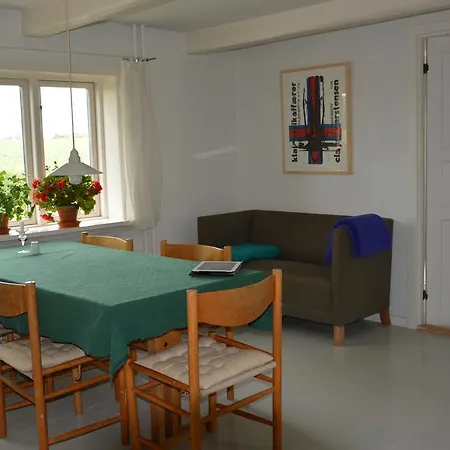 Gospodarstwo agroturystyczne Agerdal Bed & Breakfast *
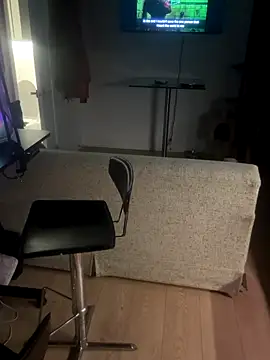 elliepixie online show from 11/05/25, 04:26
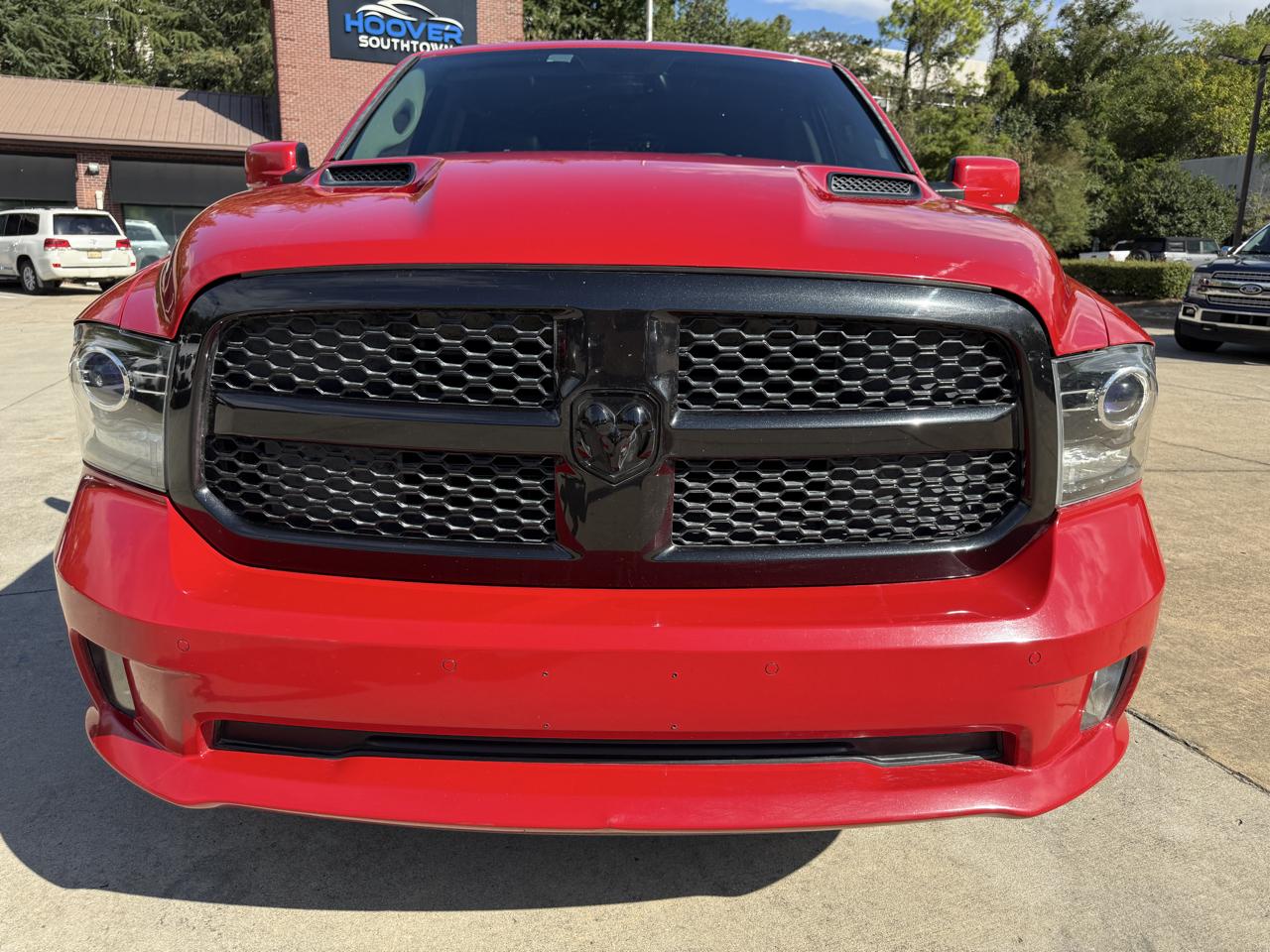 RAM 1500 Night 4x4 Crew Cab 5'7" Box *Ltd Avail* 2018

• _What the task asks_: An unchanged copy of the data, images excluded, is all that should be given.

• _Solution for this task_:
 Gospodarstwo agroturystyczne Agerdal Bed & Breakfast *
 elliepixie online show from 11/05/25, 04:26
 RAM 1500 Night 4x4 Crew Cab 5'7" Box *Ltd Avail* 2018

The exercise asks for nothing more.